Applications > Material investigation
Moisture absorption and texture on Surfaces of bicomponent Spunbond fibers
In the production of nonwoven textiles made of polypropylene or polyethylene filaments production processes are getting more and more refined. Quality control and characterization of these fibers becomes more and more an analytical challenge.

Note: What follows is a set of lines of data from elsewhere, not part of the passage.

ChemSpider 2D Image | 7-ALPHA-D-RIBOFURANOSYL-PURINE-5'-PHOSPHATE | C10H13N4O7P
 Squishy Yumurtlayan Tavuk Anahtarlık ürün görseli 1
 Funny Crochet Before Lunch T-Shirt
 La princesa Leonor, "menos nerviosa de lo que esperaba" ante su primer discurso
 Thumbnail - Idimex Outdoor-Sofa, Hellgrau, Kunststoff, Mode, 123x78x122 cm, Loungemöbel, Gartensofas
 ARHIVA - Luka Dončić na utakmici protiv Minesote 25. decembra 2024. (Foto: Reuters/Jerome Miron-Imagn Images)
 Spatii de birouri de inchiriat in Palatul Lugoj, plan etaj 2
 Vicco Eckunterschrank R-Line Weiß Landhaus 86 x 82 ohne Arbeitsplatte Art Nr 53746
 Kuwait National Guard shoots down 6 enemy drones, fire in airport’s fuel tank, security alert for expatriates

Figure 1. Bicomponent Spunbond fibers.
For example, in a three (bi-component) composition fabric (SMS) a non-woven fabric is manufactured by the combination of spunbound (S) from polypropylene and polyethylene and meltblown (M) from polypropylene. The basic qualities of this type of non-woven fabric include excellent barrier qualities that are used to prevent liquid leakage in combination with the qualities of bi-component non-woven fabric. These products are used mainly as hygienic products such as baby nappies, ladies hygiene products, incontinency nappies and towels. Spunbond (S) part of SMS is manufactured by means of bi-component spunbond technology from polypropylene (core) and polyethylene (sheath). Polyethylene sheath of the individual filaments (continuous filaments) gives the resulting non-woven fabric specific qualities that include the following: softness and very pleasant feel, excellent comfort qualities for contact with the most sensitive parts of human skin, higher elasticity and hence increased comfort for hygienic applications and more over an improved ability to bind other material with the polyethylene sheet in composite fabric products.
Production technology for non-woven fabric in all applications where there is a direct contact with sensitive human skin with non-woven fabric. The main applications include baby nappies, ladies hygiene and incontinency nappies and towels.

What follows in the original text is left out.